• TASK PROMPT
Below are some records. Write out the line that contains "30-Piece Emergency Car" and all lines after it, exactly, but not the pictures.

• SUPPLIED DATA
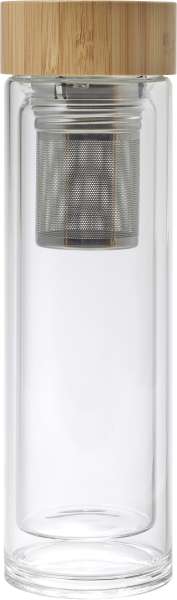 Doppelwandige Glasflasche Vicente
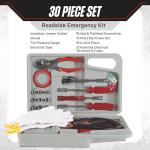 30-Piece Emergency Car Kit with Jumper Cables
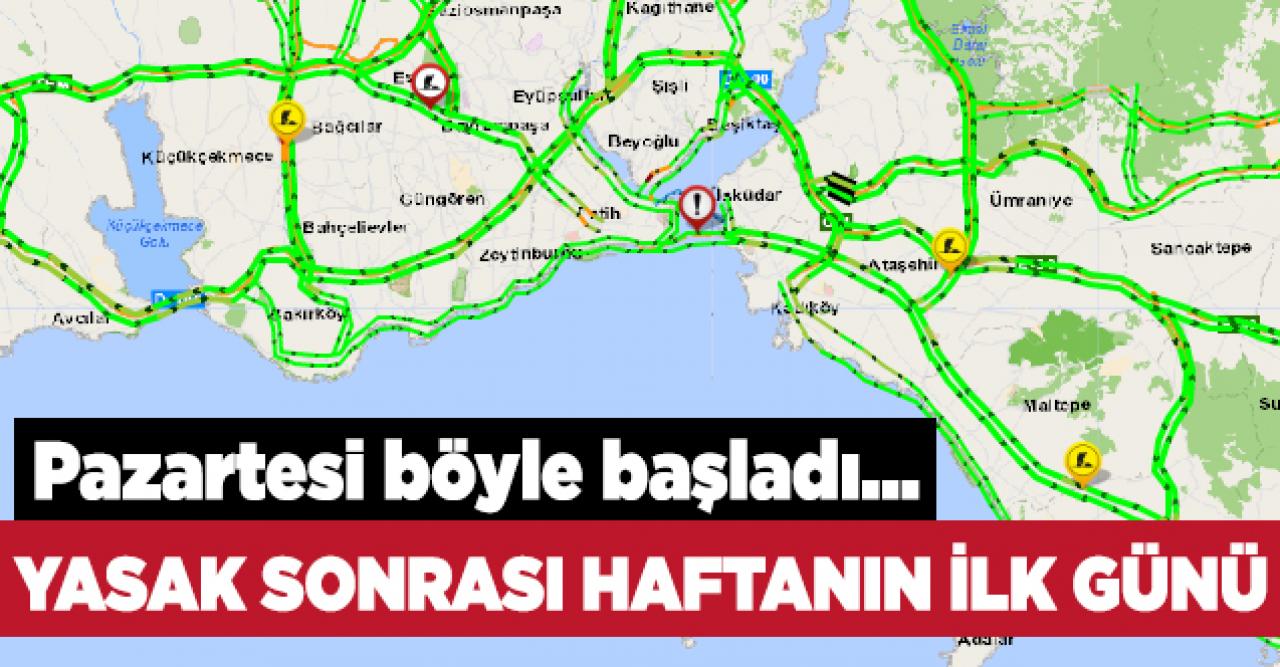 Yasak sonrası İstanbul sokakları boş kaldı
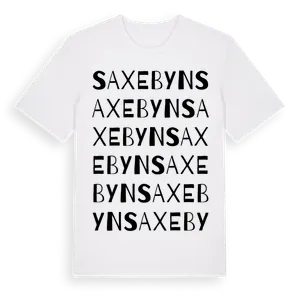 Saxebyn ordlek t-shirt – ekologisk bomull t-shirt från Pinshirt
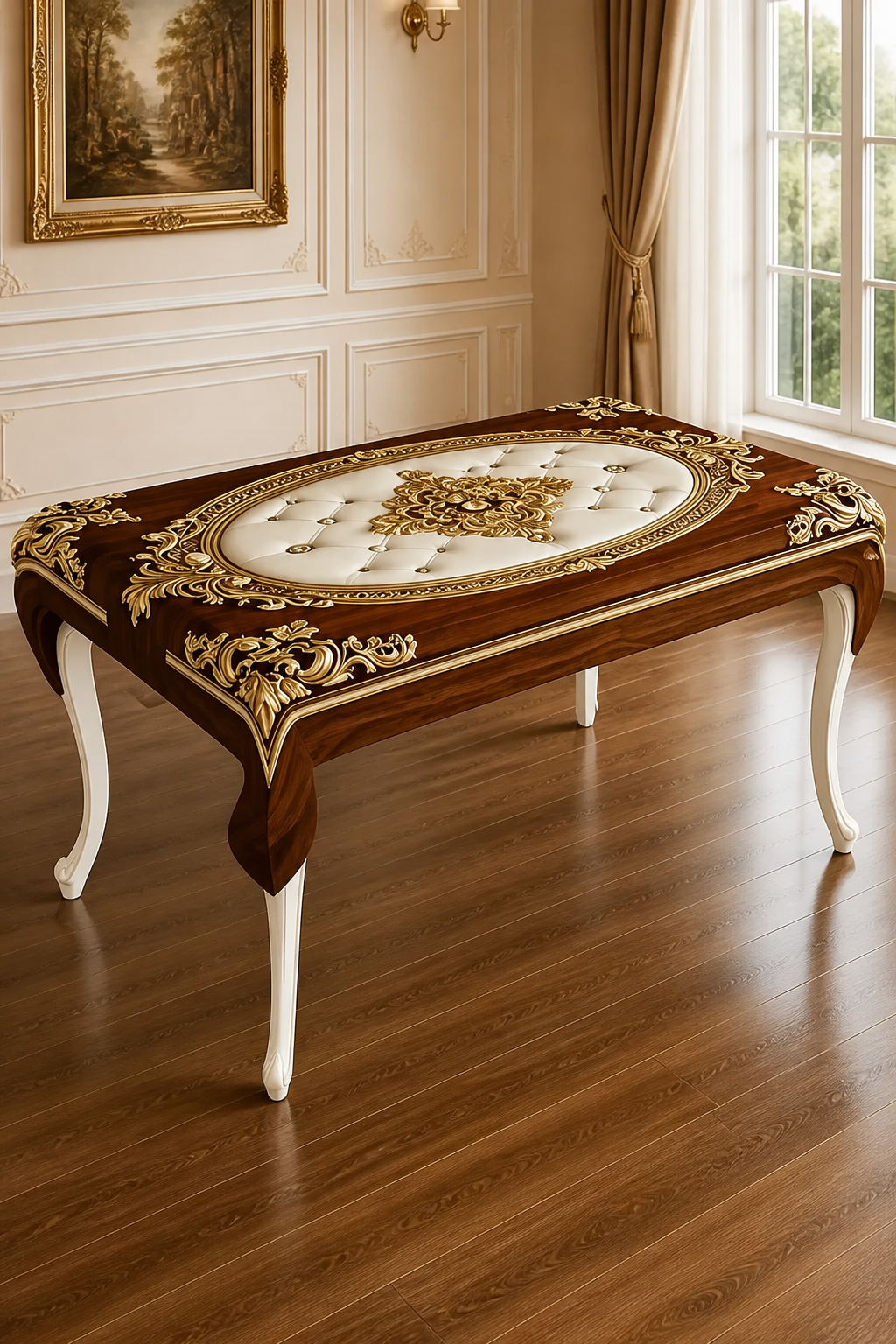 Tavolara – Ornate Embossed Tablecloth And Chair Cover Set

• TASK ANSWER
 30-Piece Emergency Car Kit with Jumper Cables
 Yasak sonrası İstanbul sokakları boş kaldı
 Saxebyn ordlek t-shirt – ekologisk bomull t-shirt från Pinshirt
 Tavolara – Ornate Embossed Tablecloth And Chair Cover Set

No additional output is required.